I want to evaluate the value of phi(+oo)
where phi(xi) is the solution of ODE
Eq(Derivative(phi(xi), (xi, 2)), (-K + xi**2)*phi(xi))
and K is a known real variable.
By dsolve, I got the solution:
Eq(phi(xi), -K*xi**5*r(3)/20 + C2*(K**2*xi**4/24 - K*xi**2/2 + xi**4/12 + 1) + C1*xi*(xi**4/20 + 1) + O(xi**6))
with an unknown function r() in the first term on the right-hand side.
Here is my code:
import numpy as np
import matplotlib.pyplot as plt
import sympy
from sympy import I, pi, oo
sympy.init_printing()
def apply_ics(sol, ics, x, known_params):
"""
Apply the initial conditions (ics), given as a dictionary on
the form ics = {y(0): y0, y(x).diff(x).subs(x, 0): yp0, ...},
to the solution of the ODE with independent variable x.
The undetermined integration constants C1, C2, ... are extracted
from the free symbols of the ODE solution, excluding symbols in
the known_params list.
"""
free_params = sol.free_symbols - set(known_params)
eqs = [(sol.lhs.diff(x, n) - sol.rhs.diff(x, n)).subs(x, 0).subs(ics)
for n in range(len(ics))]
sol_params = sympy.solve(eqs, free_params)
return sol.subs(sol_params)
K = sympy.Symbol('K', positive = True)
xi = sympy.Symbol('xi',real = True)
phi = sympy.Function('phi')
ode = sympy.Eq( phi(xi).diff(xi, 2), (xi**2-K)*phi(xi))
ode_sol = sympy.dsolve(ode)
ics = { phi(0):1, phi(xi).diff(xi).subs(xi,0): 0}
phi_xi_sol = apply_ics(ode_sol, ics, xi, [K])
Where ode_sol is the solution, phi_xi_sol is the solution after initial conditions are applied.
Since r() is undefined in NumPy I can't evaluate the results by
for g in [0.9, 0.95, 1, 1.05, 1.2]:
phi_xi = sympy.lambdify(xi, phi_xi_sol.rhs.subs({K:g}), 'numpy')
Does anyone know what this function r() mean and how should I deal with it?

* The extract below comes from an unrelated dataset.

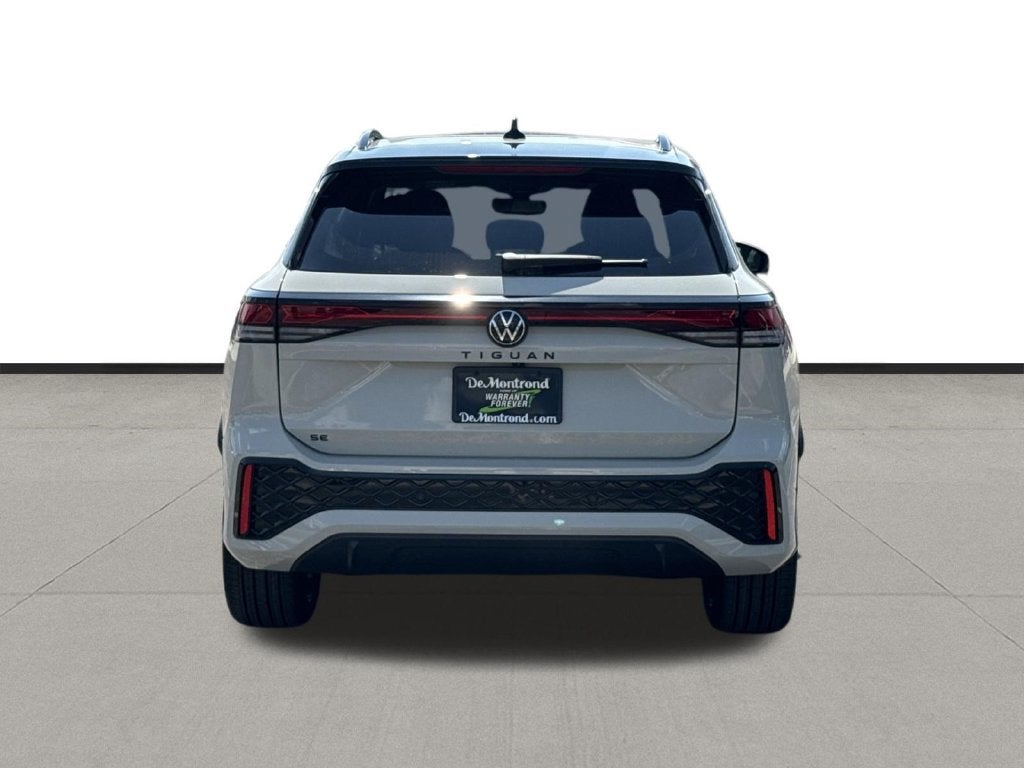 2026 Volkswagen Tiguan SE R-Line Black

As visible in the form of the result, the solver falls back to a power series solution (instead of searching the solution in terms of parabolic cylinder functions as WolframAlpha does).

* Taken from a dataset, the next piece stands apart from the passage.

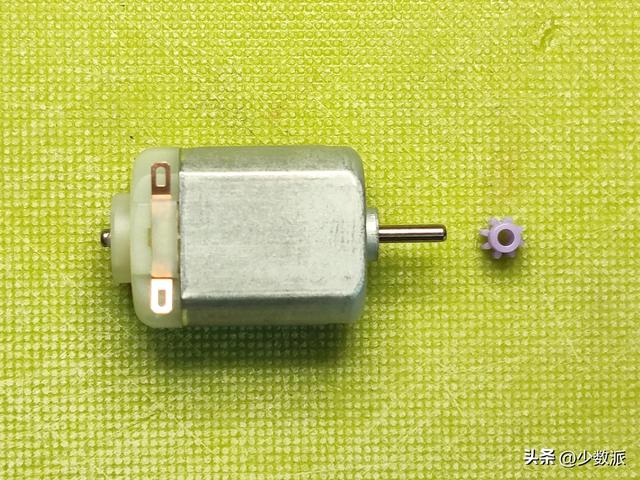 谁还不是第一批新能源车主呢？田宫迷你四驱车动手装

So let's set phi(xi)=sum a[k]*xi^k leading to the coefficient equations (using a[k]=0 for k<0)
(k+2)(k+1)a[k+2] = -K*a[k] + a[k-2]
a[0] = C2
a[1] = C1
a[2] = -K/2*C2
a[3] = -K/6*C1
a[4] = (K^2/2 + 1)/12*C2
a[5] = (K^2/6 + 1)/20*C1
Inserting that the the power series solution should have been
C2*(1-K/2*xi**2+(K**2/24+1/12)*xi**4) + C1*xi*(1-K/6*xi**2+(K/120+1/20)*xi**4) + O(xi**6)
Comparing with the sympy solution, all terms containing both C1 and K are missing, especially the missing degree 3 term is not explainable. It seems that the solution process was prematurely ended, or some equation transformation was not correctly reversed.
Please note that the ODE solver routines in sympy are experimental and rudimentary. Also, the power series solution gives only valid information for small values of xi, there is no way to derive any exact value for the limit at +oo.